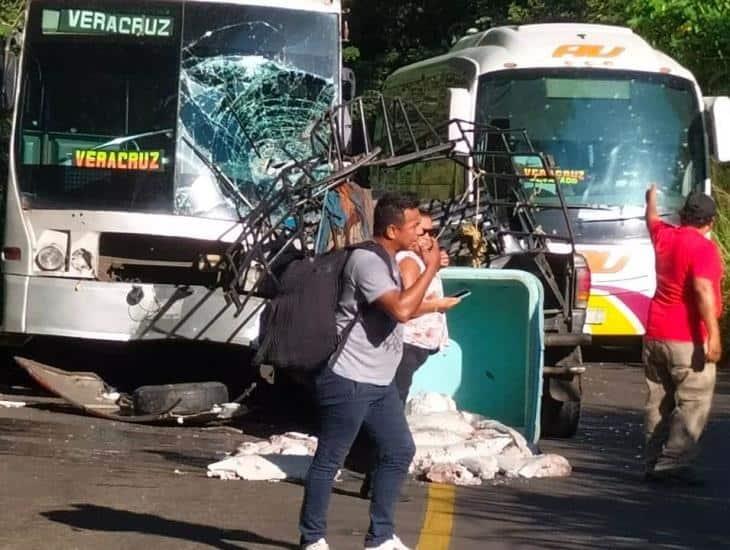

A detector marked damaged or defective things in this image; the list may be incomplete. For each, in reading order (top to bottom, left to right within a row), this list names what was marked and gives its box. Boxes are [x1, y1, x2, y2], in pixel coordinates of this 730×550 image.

damaged bus front [0, 0, 342, 344]
shattered windshield [175, 4, 336, 220]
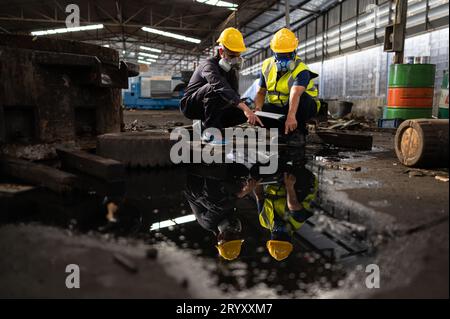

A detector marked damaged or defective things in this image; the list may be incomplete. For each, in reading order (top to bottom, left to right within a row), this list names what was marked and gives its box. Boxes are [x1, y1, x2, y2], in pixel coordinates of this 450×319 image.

rusted surface [0, 33, 130, 159]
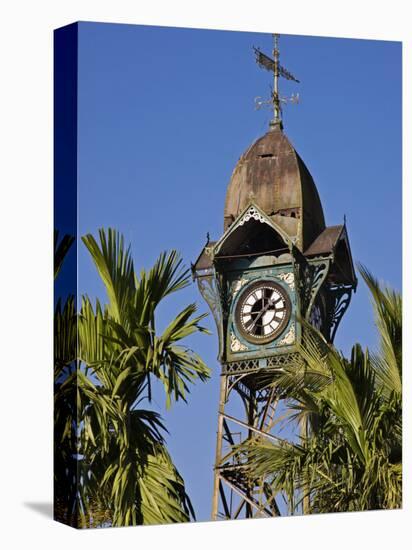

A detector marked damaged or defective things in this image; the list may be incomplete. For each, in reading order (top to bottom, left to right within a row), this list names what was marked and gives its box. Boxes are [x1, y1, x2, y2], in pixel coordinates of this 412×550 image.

rusted metal roof [225, 126, 326, 251]
rusted metal roof [302, 225, 344, 258]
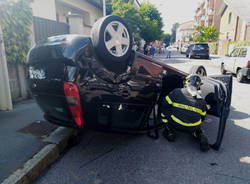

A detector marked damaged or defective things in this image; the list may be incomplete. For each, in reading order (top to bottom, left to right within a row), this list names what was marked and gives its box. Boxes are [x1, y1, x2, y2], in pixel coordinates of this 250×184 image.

overturned dark car [26, 15, 232, 150]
• • • •
Set down the material above word for word and skip its pictures.

■ Response below:
A detector marked damaged or defective things in this image; the list may be incomplete. For each, in reading order (top to bottom, left to right within a row), this list names what was marked and gives its box. Boxes are [x1, y1, x2, y2], in pixel coordinates of this 730×550 image.

damaged bus front [0, 0, 342, 344]
shattered windshield [175, 4, 336, 220]

A detector marked damaged or defective things in this image; the list may be incomplete. For each, in reading order (top to bottom, left to right within a row), this list names what was marked and gives its box. Boxes are [x1, y1, x2, y2], in pixel coordinates of this 450×319 image.

rusted surface [0, 33, 130, 159]

A detector marked damaged or defective things in this image; the list may be incomplete. For each, in reading order (top to bottom, left to right within a row), this list names what was marked and gives its box. Boxes are [x1, y1, x2, y2], in pixel coordinates of this 412×550 image.

rusted metal roof [225, 126, 326, 251]
rusted metal roof [302, 225, 344, 258]

A detector marked damaged or defective things in this image; the list may be incomplete. For each, in reading order (top to bottom, left to right within a row), this list names what was marked and gives its box. Boxes are [x1, y1, x2, y2], in pixel coordinates of this 250×184 image.

overturned dark car [26, 15, 232, 150]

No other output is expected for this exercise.